Born in 1970, Florida native Bradley Cooley started sculpting at age 15 with his father, the late Bradley Cooley, Sr. who passed away in 2017. Together, this father and son due have created over 40 life-size and larger-than-life-size sculptures and an additional 60 tabletop pieces for private collectors and Governmental projects. Cooley’s sculptures are featured in over 15 different museums and galleries and have won him numerous awards and recognition over the years. Bronze By Cooley pieces are on display throughout the US and abroad.
Bradley and his wife Jenny live in Jefferson County along the Aucilla river and have two children, Marissa and Holden.

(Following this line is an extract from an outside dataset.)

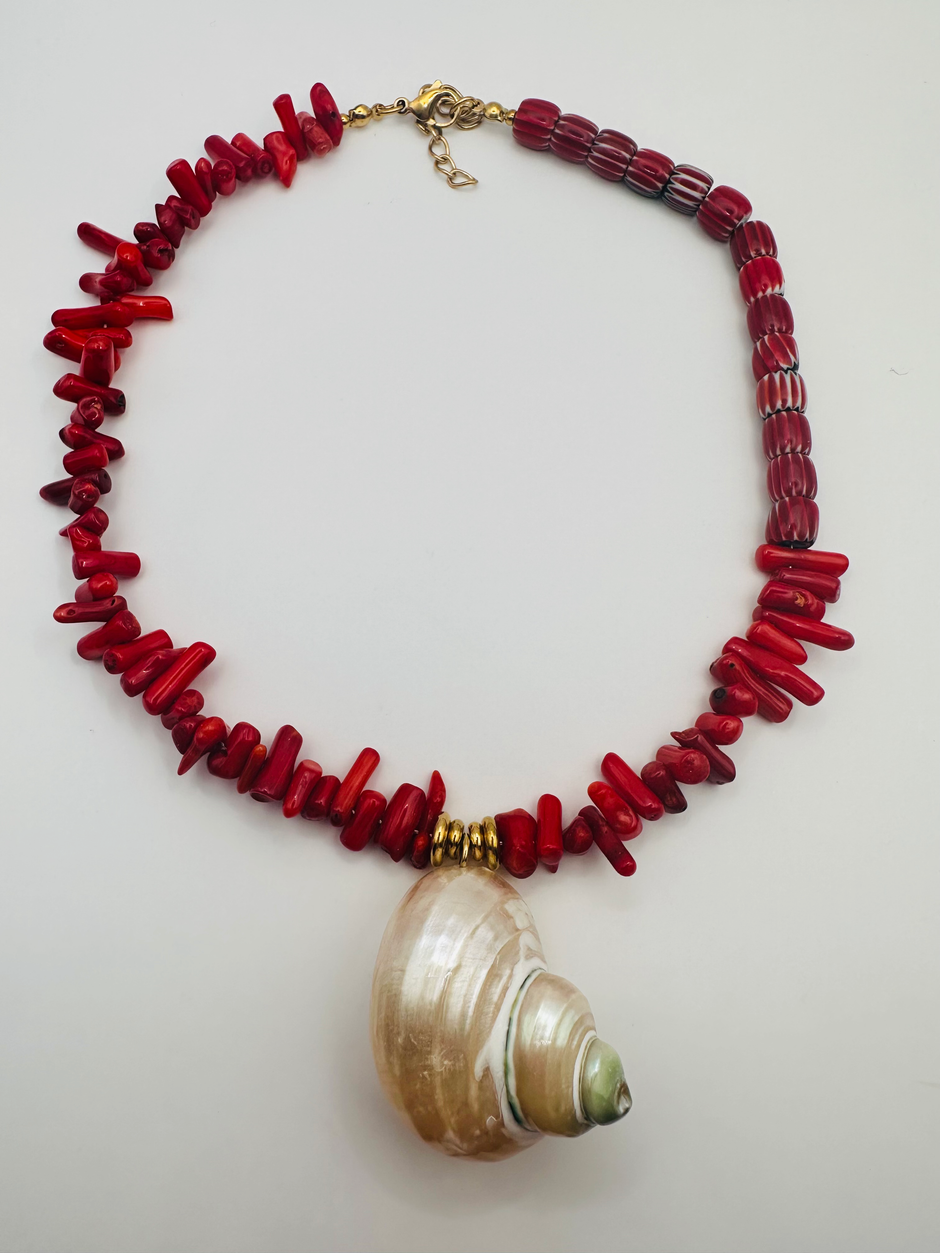 Coral Reef necklace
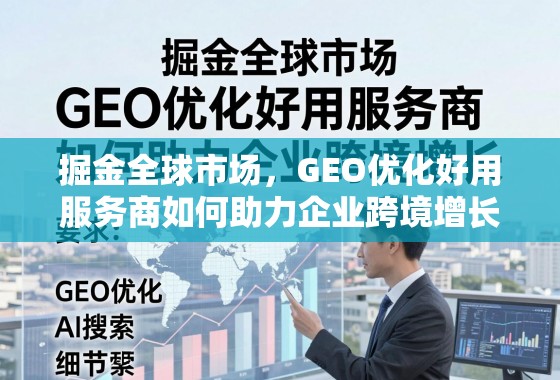 掘金全球市场，GEO优化好用服务商如何助力企业跨境增长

Although his level of skill and talent is boldly apparent in his work, Bradley is remarkably humble about his artistic abilities. Through his 37 years of sculpting, Bradley has enjoyed sharing his knowledge and experience with other aspiring artists, including teaching 3D Art and conducting studio seminars for art students attending surrounding schools and educational programs.
The process of creating a bronze sculpture is complex and has multiple stages. The first stage is the conception of the project, where a lot of time is spent sketching and rendering an idea or concept on paper. Bradley begins his works by using photographs, or sketches to create a form that will eventually turn into a three-dimensional piece. Once he is satisfied with an idea, the next step is creating a metal skeleton. The skeleton serves as the structure for the and is wrapped with a wire mesh giving it form. When satisfied with the armature, it is time to begin adding the clay. Bradley uses Roma Plastilina, an extremely pliable modeling clay that is oil-based and non-hardening. Clay is added to the wire, roughly at first just to build dimensions, and then is carefully refined into shape. Then the details begin. Bradley spends lots and lots of hours detailing every piece. A finished bronze sculpture can take anywhere from six to 12 months to complete, depending on its size. A full-sized figure can take nine to twelve months, while tabletop pieces take six to eight months. Once a sculpture is fully formed in clay, it must then undergo a series of molding steps before it can be cast in bronze, a process that takes an additional four months to complete. When sculpting a person, Bradley works very closely with the person or the family members, if deceased, and includes them in every step along the way. When one project has reached completion, and the sculpture has been molded, the clay is then removed from the metal skeleton and reused for future projects.
“Sculpting is a craft that takes a lot of hard work and dedication. You do get faster over time and learn anatomy better, but I do not think you ever master the art of sculpting. I am constantly learning.”